Eyes to the Heavens – The Very Large Array, NM
“Man must rise above the Earth—to the top of the atmosphere and beyond—for only thus will he fully understand the world in which he lives.” Socrates
Socrates certainly had a way with words and he was a smart, old cookie too. The earth is but a youngster in the grand scheme of things, and only through the study of the heavens can we truly probe the past. In the deep recesses of the universe lie clues from over 10 billion years ago, and those pieces of knowledge are just reaching us today on the wings of light.
Oh yeah, Astronomy is super-nerdy-cool stuff and the Very Large Array takes you right into the middle of it. I’ve wanted to visit this place ever since I saw the movie “Contact“, and I can tell you the real thing is even sweeter than the film. The Array sits in the plains of San Agustin ~50 miles West of Socorro, NM. Follow the long, lonely road over the hills and into the wild and you’ll just about be here. It’s the perfect spot for inter-galactic radio-astronomy -> remote, quiet and flat. Sprawled across this deserted high-desert basin are 27 massive 230-ton radio antennas, each 25 meters (82 feet) in diameter arranged in an enormous Y-shape. It’s a stunning view when you first see it, and you can’t help but be swept away by the colossal scope of it all.
The scientific beauty of the array is that the antennas act as one.
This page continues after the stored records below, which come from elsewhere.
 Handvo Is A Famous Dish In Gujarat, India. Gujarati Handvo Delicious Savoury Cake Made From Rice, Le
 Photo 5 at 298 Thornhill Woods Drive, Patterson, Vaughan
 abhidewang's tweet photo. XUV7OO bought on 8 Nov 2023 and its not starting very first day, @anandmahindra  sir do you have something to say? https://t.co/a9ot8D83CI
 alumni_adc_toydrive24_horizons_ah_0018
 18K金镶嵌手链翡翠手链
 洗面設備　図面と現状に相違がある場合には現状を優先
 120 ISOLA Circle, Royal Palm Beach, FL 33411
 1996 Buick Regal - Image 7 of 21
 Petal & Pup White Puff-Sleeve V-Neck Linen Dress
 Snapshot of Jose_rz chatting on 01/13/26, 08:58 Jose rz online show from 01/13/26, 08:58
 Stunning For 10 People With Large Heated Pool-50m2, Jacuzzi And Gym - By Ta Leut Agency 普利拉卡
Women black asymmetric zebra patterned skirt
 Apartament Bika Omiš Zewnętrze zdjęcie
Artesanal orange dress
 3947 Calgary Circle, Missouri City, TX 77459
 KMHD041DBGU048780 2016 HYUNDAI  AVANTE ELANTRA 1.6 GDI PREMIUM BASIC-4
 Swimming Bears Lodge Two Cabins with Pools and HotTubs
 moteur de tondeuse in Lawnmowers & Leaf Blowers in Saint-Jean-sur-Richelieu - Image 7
By combining data from many, you create a radio image with the same sensitivity as a single dish 130 meters (422 feet) in diameter (and that, my friends, would be a honking great big monster of a dish). The antennas can also be zoomed in and out, like a great big camera lens, by transporting them along the 21 km (13 mile) arms of the Y, thus giving pictures with different levels of resolution.
And if that wasn’t cool enough, there’s more. The antennas at the VLA are just one arm of the even more massive VLBA (Very Long Baseline Array) which spans 5,000 miles from Hawaii to the Virgin Islands. This monstrous combo produces the best resolution of any telescope on earth or in space, and a whole new meaning to the term “supersize-me”.
A visit to NRAO VLA will take a cool hour and, if you’re lucky, you might even meet one or two other folks out there. This is the place where the world ends and science begins, taking you off to black holes, far-away galaxies and the beginnings of time. Super-cool-nerdy stuff indeed!